#### [Provided material]
⟨
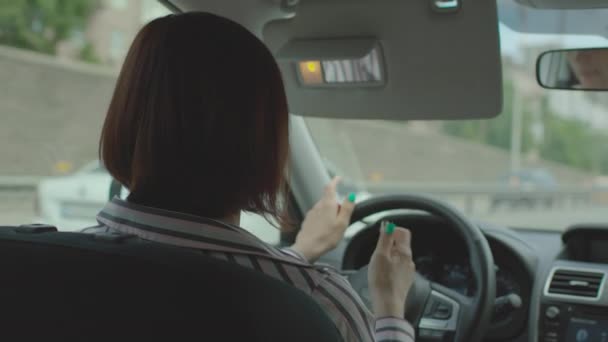 30s female driver applying lipstick driving car in the city. Side view of woman applies make up in the car on the move. — Stock Video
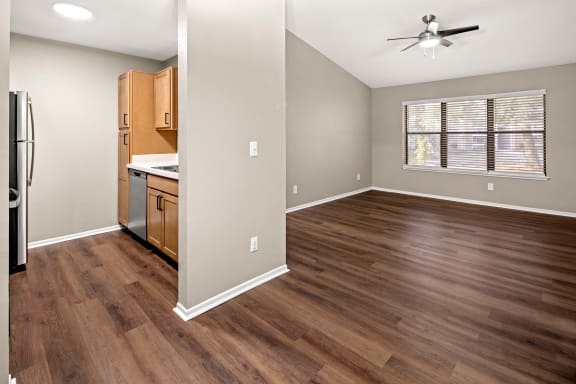 a kitchen and living room with hardwood floors and a ceiling fan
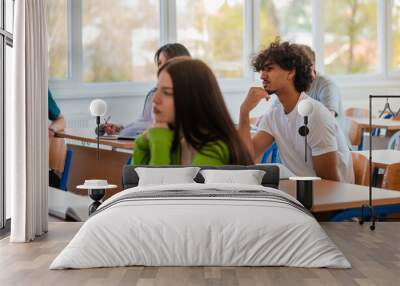 In the classroom group of college students listening to a lecturer and writing in notebooks. Wall mural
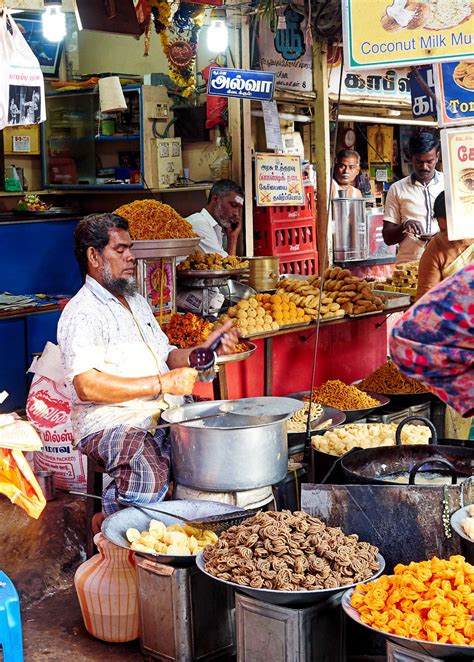 A cook preparing snacks and sweets at the street side shop, Madurai ...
⟩
#### [Problem requirements]
Copy the listing character for character, pictures omitted.

#### [Reply to the exercise]
 30s female driver applying lipstick driving car in the city. Side view of woman applies make up in the car on the move. — Stock Video
 a kitchen and living room with hardwood floors and a ceiling fan
 In the classroom group of college students listening to a lecturer and writing in notebooks. Wall mural
 A cook preparing snacks and sweets at the street side shop, Madurai ...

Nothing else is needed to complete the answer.